#### WHAT TO PRODUCE
Produce a word-for-word restatement of the lines from the line with "Toshiba Portege Z10T-A1102L" to the end of the listing below, inclusive.

►

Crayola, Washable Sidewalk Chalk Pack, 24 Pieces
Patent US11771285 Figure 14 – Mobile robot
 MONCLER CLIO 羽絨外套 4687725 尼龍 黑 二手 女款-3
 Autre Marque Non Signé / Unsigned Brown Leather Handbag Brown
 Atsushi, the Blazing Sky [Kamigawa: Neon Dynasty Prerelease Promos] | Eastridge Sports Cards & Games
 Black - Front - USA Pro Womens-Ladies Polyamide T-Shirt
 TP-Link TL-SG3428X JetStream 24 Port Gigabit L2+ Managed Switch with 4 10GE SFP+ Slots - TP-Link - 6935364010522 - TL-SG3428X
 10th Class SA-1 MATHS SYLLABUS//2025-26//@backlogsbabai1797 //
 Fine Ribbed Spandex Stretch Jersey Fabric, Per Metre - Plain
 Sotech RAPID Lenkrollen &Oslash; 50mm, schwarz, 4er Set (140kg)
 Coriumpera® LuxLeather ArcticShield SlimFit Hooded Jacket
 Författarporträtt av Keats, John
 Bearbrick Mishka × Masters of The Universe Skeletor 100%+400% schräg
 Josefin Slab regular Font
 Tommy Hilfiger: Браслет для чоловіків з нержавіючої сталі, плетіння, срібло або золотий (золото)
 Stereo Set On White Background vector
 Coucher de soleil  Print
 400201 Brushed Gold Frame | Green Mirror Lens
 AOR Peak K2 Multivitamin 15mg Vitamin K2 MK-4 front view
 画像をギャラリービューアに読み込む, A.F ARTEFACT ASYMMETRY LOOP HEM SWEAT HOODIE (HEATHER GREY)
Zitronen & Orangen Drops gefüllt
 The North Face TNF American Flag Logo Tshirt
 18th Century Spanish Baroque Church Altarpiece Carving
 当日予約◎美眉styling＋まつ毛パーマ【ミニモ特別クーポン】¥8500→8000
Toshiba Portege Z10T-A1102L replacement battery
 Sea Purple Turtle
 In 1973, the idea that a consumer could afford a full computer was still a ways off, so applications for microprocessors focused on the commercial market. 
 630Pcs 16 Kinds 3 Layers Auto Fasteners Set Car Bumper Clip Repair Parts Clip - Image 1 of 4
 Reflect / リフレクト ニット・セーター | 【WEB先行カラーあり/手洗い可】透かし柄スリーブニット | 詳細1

◄

#### EXERCISE RESULT
Toshiba Portege Z10T-A1102L replacement battery
 Sea Purple Turtle
 In 1973, the idea that a consumer could afford a full computer was still a ways off, so applications for microprocessors focused on the commercial market. 
 630Pcs 16 Kinds 3 Layers Auto Fasteners Set Car Bumper Clip Repair Parts Clip - Image 1 of 4
 Reflect / リフレクト ニット・セーター | 【WEB先行カラーあり/手洗い可】透かし柄スリーブニット | 詳細1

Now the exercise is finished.